- Staff and wire reports
- December 1, 2007 - 3:49 PM
Most of Minnesota was under a winter storm warning Saturday as the first major winter storm of the season bore down on the state.
The snow began falling Saturday morning across a large part of western Minnesota and quickly spread across the rest of the state. It was forecast to become heavy as the day went by, with accumulations of 6 inches in many areas to as much as 16 inches in some parts of east-central and northeastern Minnesota, the National Weather Service said.
The Minnesota Department of Transportation reported difficult driving conditions by midday across many parts of the state, stretching from south to north and west to east, including the Twin Cities. Interstate 94 between the downtowns of Minneapolis and St. Paul was moving very slowly.
The snow was mixing with sleet along the Interstate 90 corridor across southern Minnesota. Visibilities were down to a quarter mile in some areas due to winds gusting in the 20 mph range.
MnDOT reported 137 traffic accidents statewide between 9 a.m. and 1 p.m. including 88 in the Twin Cities metropolitan area. There were no immediate reports of serious injuries.
State Patrol Lt. Tom Schmitz said the best driving plan in this kind of storm is none.
"Obviously, we'd like to see them stay home, but if you do have to have to travel, don't put your schedule before safety," he said.
Schmitz advised drivers to take commonsense steps such as reducing speed, using headlights and seat belts and leaving plenty of room between vehicles.
"Just because it says 70 (mph) out there, if the weather conditions aren't favorable, don't drive that fast," he said.
By midday, snowfall amounts between 1 inches and 3 inches were common, including the Mankato, Faribault and Twin Cities areas.
Forecasters started warning about the impending storm several days in advance, giving residents and officials plenty of time to prepare.
Twin Cities residents made a mad dash Saturday morning to prepare to hunker down for the duration of the storm, stocking up on supplies at grocery and hardware stores.
"We've sold thousands of shovels today," said Larry Frattallone, whose family owns a dozen hardware stores in the Twin Cities area.
MnDOT said its plows were ready to roll from Albany to Zumbrota. The department has more than 800 snowplows at 150 stations throughout the state, including 18 stations in the Twin Cities area, and nearly 1,500 snowplow operators.
Twin Cities hardware stores put out plenty of shovels, sand and deicing salt.
Less snow was expected across most of extreme northern Minnesota, where a snow advisory was out from the Grand Forks area to International Falls and Ely, and 3 inches to 8 inches were forecast.

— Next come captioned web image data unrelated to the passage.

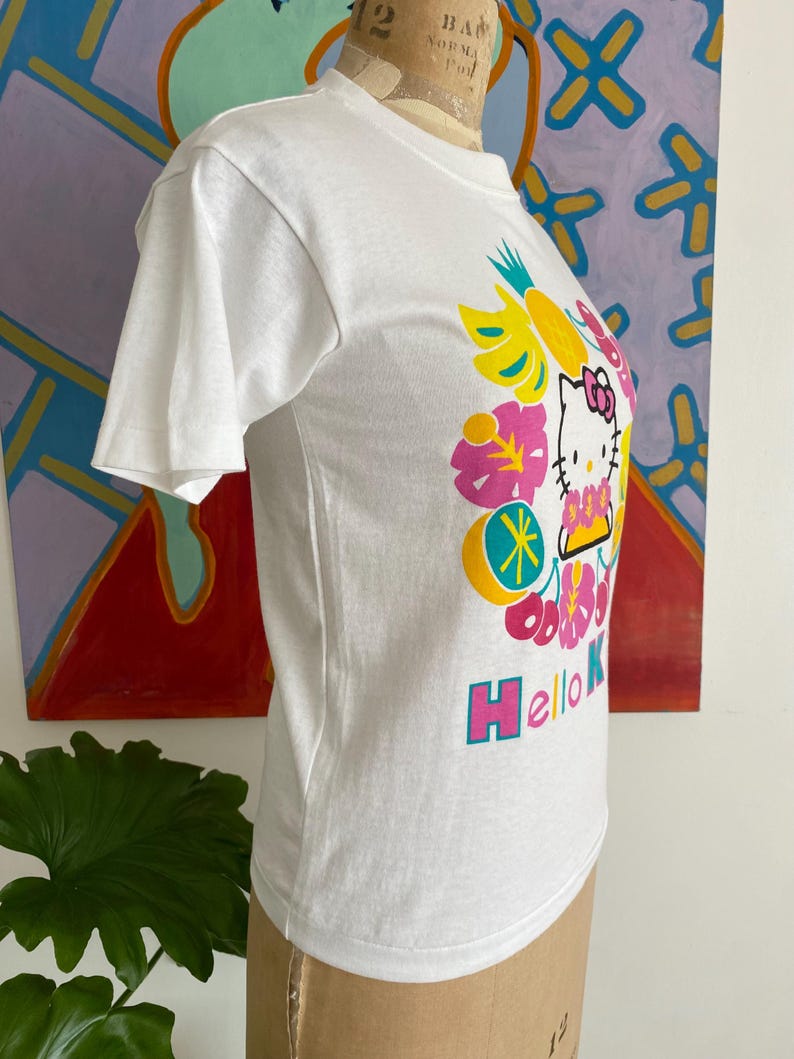 Puede incluir: Camiseta blanca con un gr&aacute;fico de Hello Kitty rodeada de flores y frutas tropicales de colores vibrantes. El texto "Hello Kitty" est&aacute; en rosa y azul. La camiseta se muestra en un maniqu&iacute;.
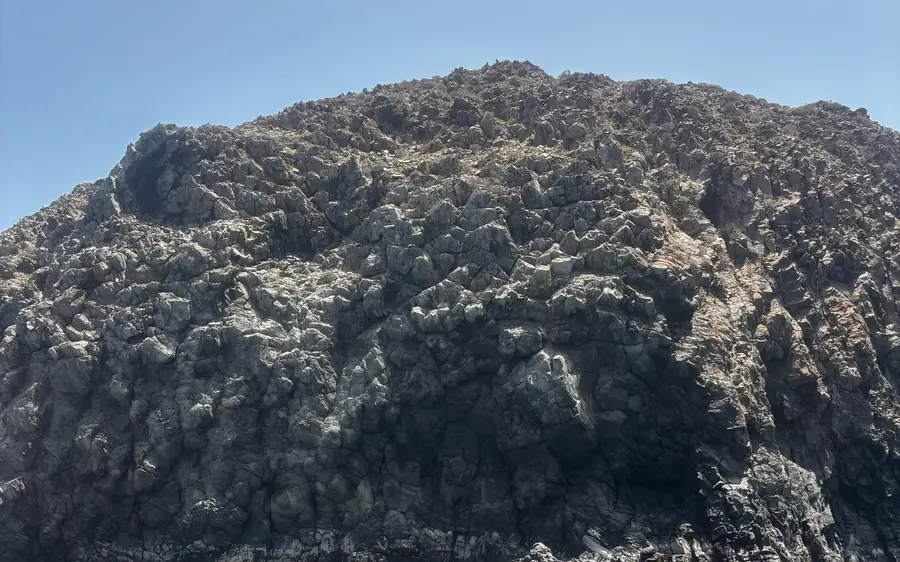 A dark, rugged lava cliff at the edge of the sea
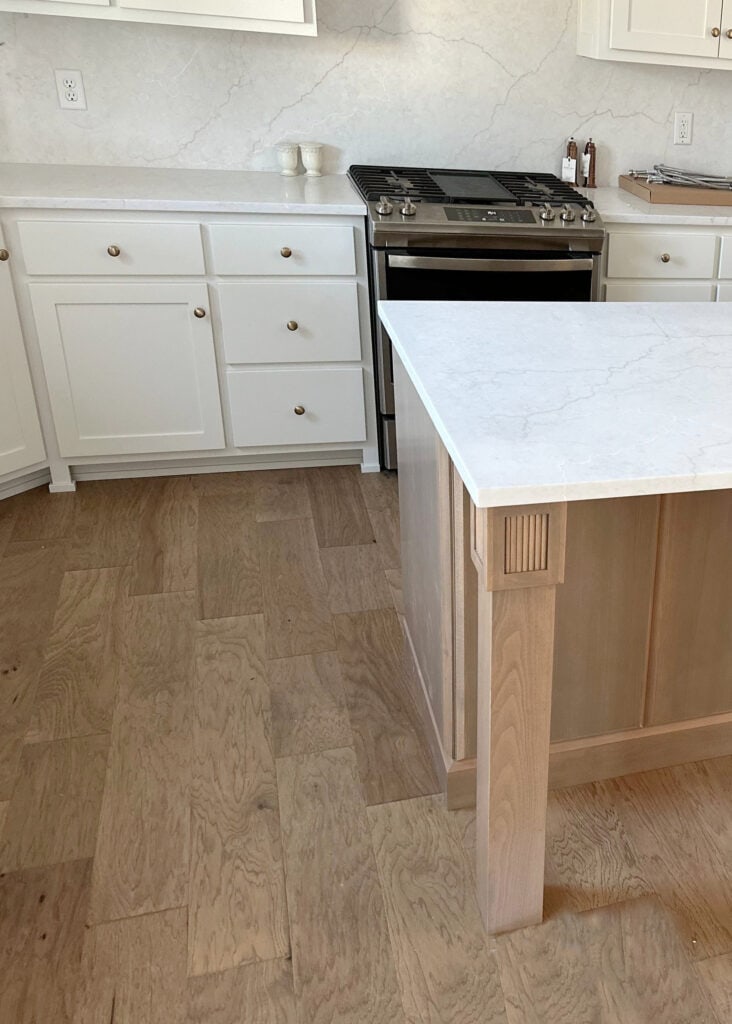off-white warm gray quartz countertop on island with wood, wood flooring, Sherwin Williams PUre White kitchen cabinets, gold hardware (1)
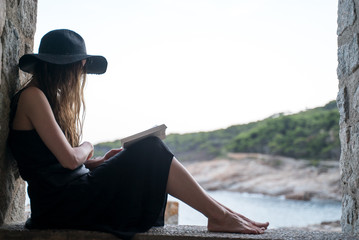 Girl reads book. A girl in a black hat and black silk dress sits in the niche of a fishing hut on the seashore and reads a book. Ocean view at a background. Studying outdoors, reading a novel.
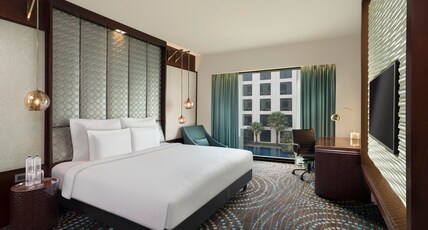 Pullman New Delhi Aerocity Room Type - Superior King Room -Pool View, Wifi, Bathtub Pullman New Delhi Aerocity Room Type - Superior King Room -Pool View, Wifi, Bathtub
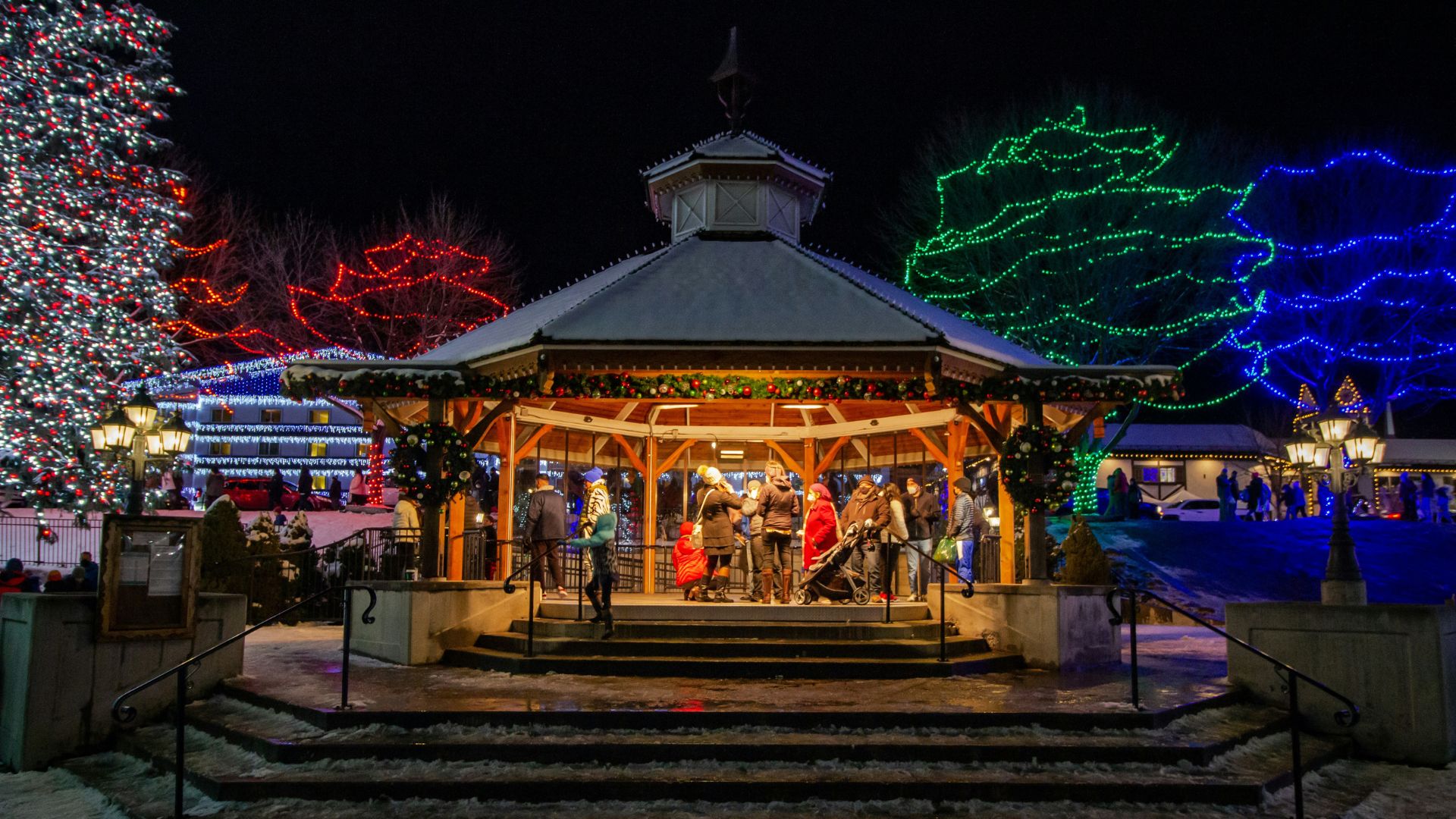 A snowy, nighttime view of a wooden gazebo in a park, brightly lit with Christmas lights. People are gathered inside the gazebo, and large trees in the background are covered in red, green, and blue lights.
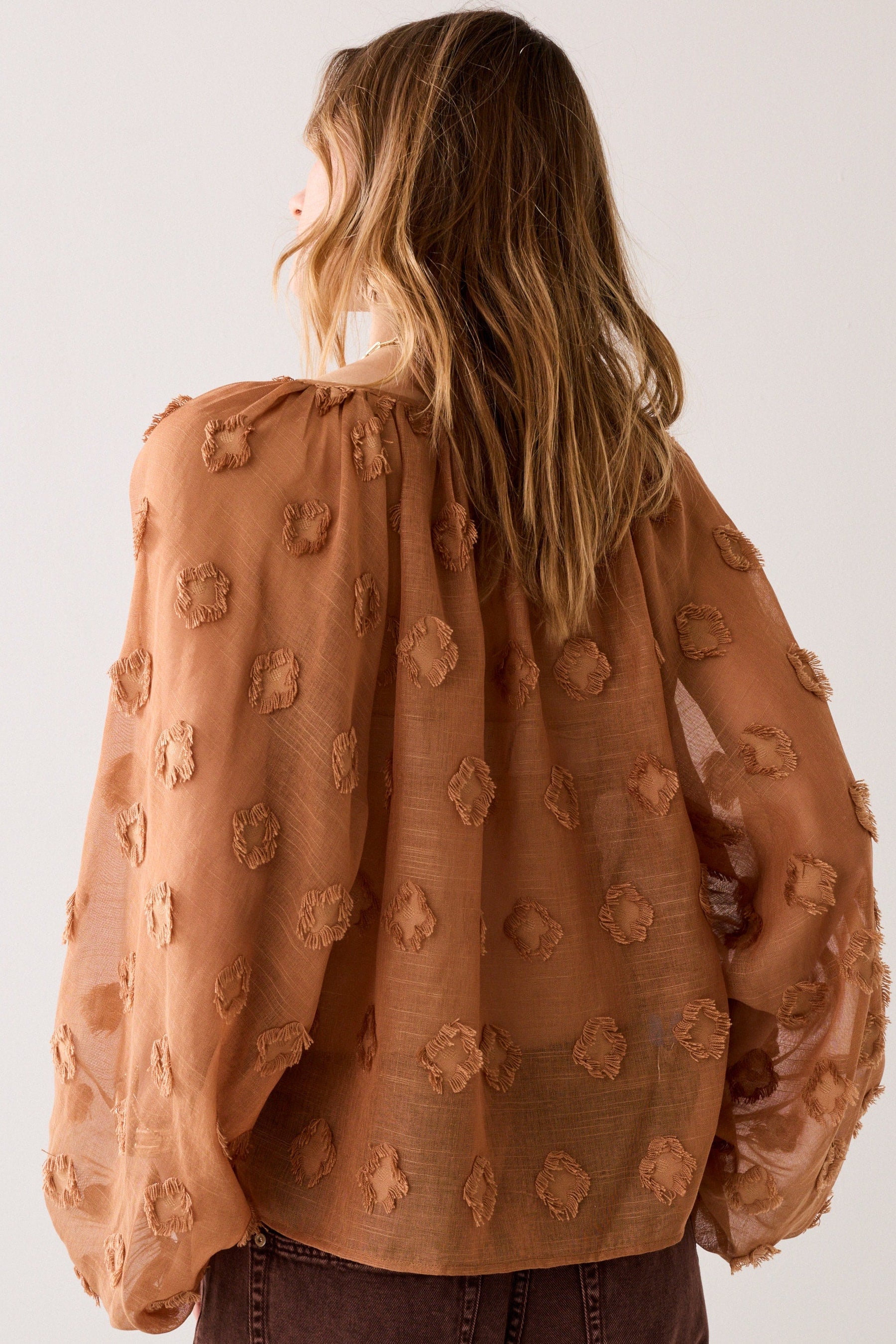 Woman shown from the back wearing a cinnamon embroidered blouseon a plain background.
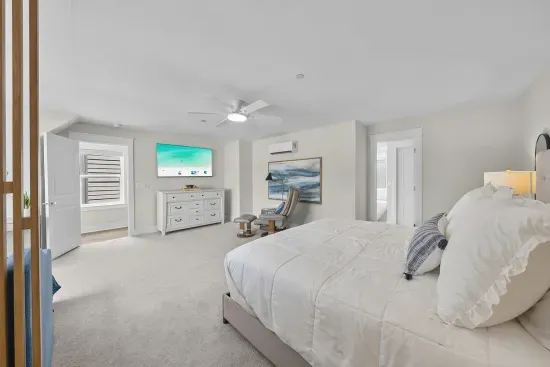 The third-floor primary is the quiet corner of the house, with a king bed, a smart TV, and a door you can close on everyone else.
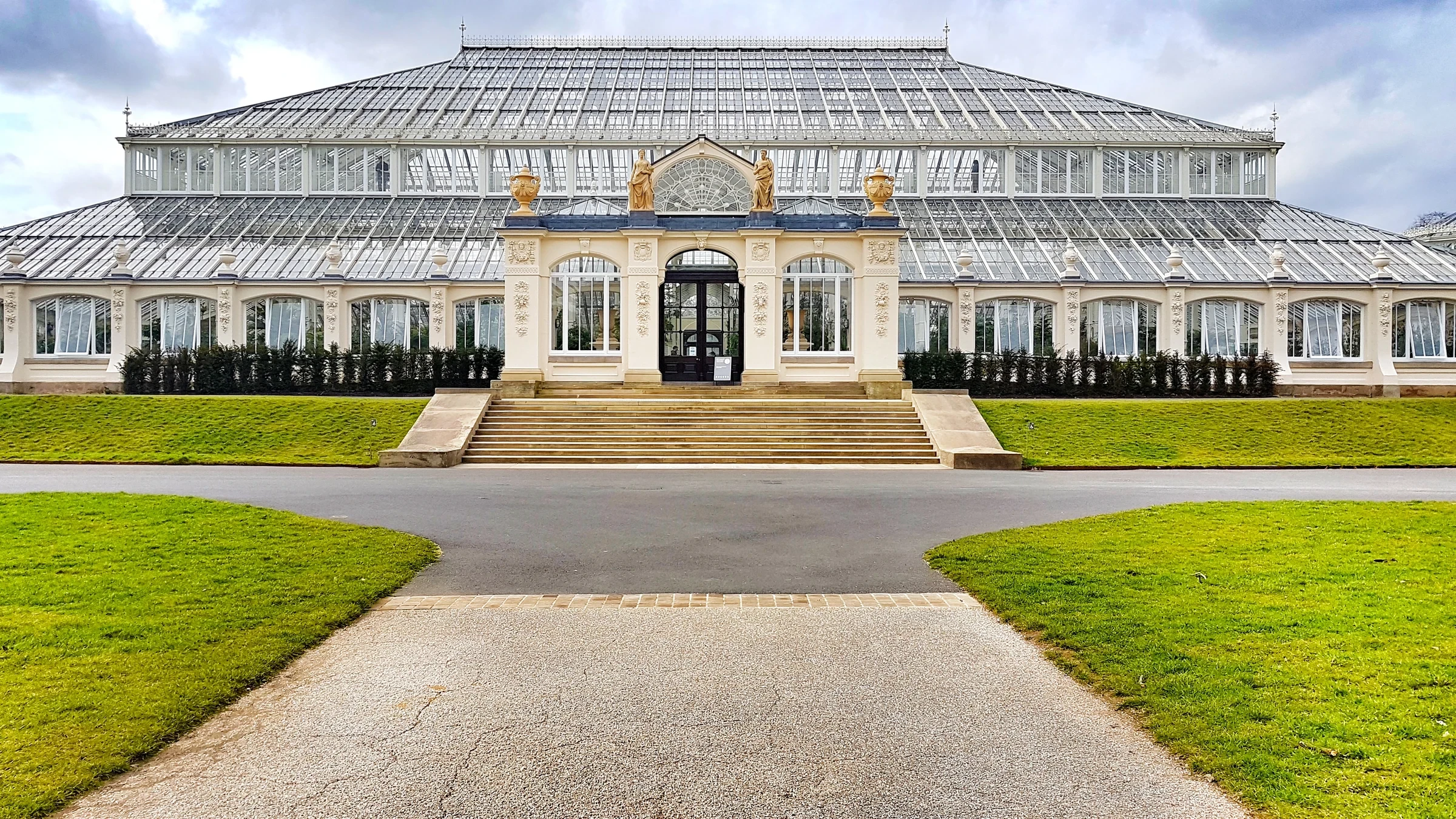 The white façade and central glass roof of the Temperate House at Kew Gardens, seen across its lawn.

Highs temperatures were forecast to range from the teens in the far north and through the 20s in central and southern Minnesota.
The Federal Aviation Administration reporting no major weather delays at Minneapolis-St. Paul International Airport by midday, though the storm had prompted the closure of the Des Moines International Airport for several hours after a United Airlines plane slid off a taxiway, and the FAA said delays for incoming traffic to Chicago's O'Hare International Airport were averaging over an hour.
Northwest Airlines said it would allow passengers planning to fly this weekend to rebook for a different date without penalty. The change applied to passengers flying to, from, or through Minnesota, Wisconsin, or Michigan on Saturday or Sunday. Passengers can rebook their travel for Nov. 30 to Dec. 4.